Erzbischof Jakob III. von Trier (1567-1581) erteilte dem Salentin, ehemals Erzbischof zu Köln, nach dessen Übertritt in den weltlichen Stand, als Graf Salentin VI. von Isenburg und Herr zu Grenzau (1577-1610), die Erlaubnis, neben der Burg Grenzau und anderen Güter auch Gülten und Güter aus Marienrachdorf (Rachtorff), das dortige Patronatrecht und gewisse Zehnteinnahmen als Wittum für seine Braut Gräfin Antonia Wilhelmine von der Marck und Arenberg zu verwenden.[Anm. 21]
Salentins Sohn, Saltentin VII. starb bereits 1619. Der zweite Sohn, Ernst I., verstarb als letzter Graf von Isenburg-Grenzaus im Jahr 1664.

Kurtrier 1664-1802

Als die Grafen von Isenburg-Grenzau 1664 ausstarben, kam Marienrachdorf als heimgefallenes Lehen vom isenburgischen Amt Herrschbach[Anm. 22] zum jetzt kurtrierischen Amt Herschbach. Das Amt umfasste die Gerichte Herschbach mit Schenkelberg, Marienrachdorf mit Krümmel, Marienhausen, Maroth, Sessenhausen, Kutscheid und Trierischhausen, Horhausen, Peterslahr, Hartenfels (seit 1739).

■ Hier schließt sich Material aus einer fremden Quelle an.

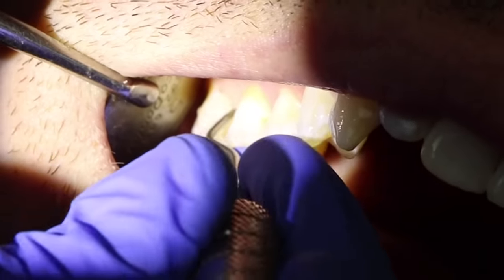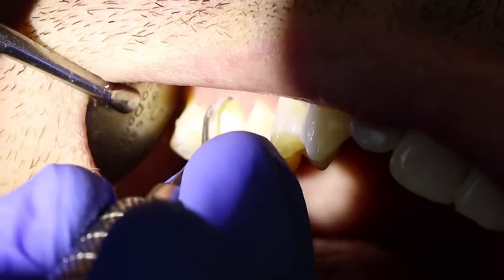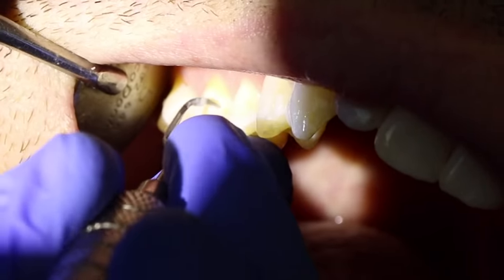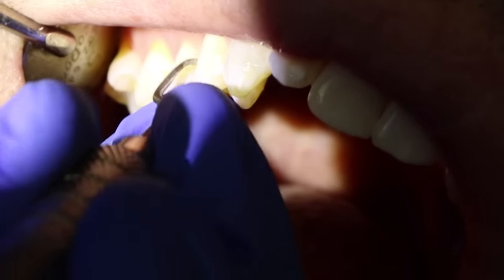You can see me going around here. The posterior instruments are usually more curved — they have more of a curve to them. The anterior instruments are not as bent; there are not as many bends.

Nach der Auflösung des Trierer Kurstaates im Gefolge der französischen Besetzung der Rheinlande und den Bestimmungen des sog. Reichsdeputationshauptschlusses wurde das kurtrierische Amt Herschbach 1802/03 Teil des Fürstentums Nassau-Weilburg und 1806 mit Marienhausen Teil des Herzogtums Nassau.

Das Amt wurde ohne die 1815 an Preußen abgetretenen Gerichte Horhausen und Peterslahr 1817 mit dem Amt Selters vereinigt. Nach der Niederlage des Nassauer Herzogs im »Deutschen Krieg« wurde das Herzogtum Nassau 1866 vom Königreich Preußen annektiert.

Im Jahr 1867 wurde Marienrachdorf dann dem neu gebildeteten Unterwesterwaldkreis zugeteilt und nach dem 2. Weltkrieg 1946 Teil des neuen Bundeslandes Rheinland-Pfalz. Aus dem Unterwesterwaldkreis entstand 1974 der Westerwaldkreis. Seit 1972 ist die Ortsgemeinde Marienrachdorf Teil der Verbandsgemeinde Selters.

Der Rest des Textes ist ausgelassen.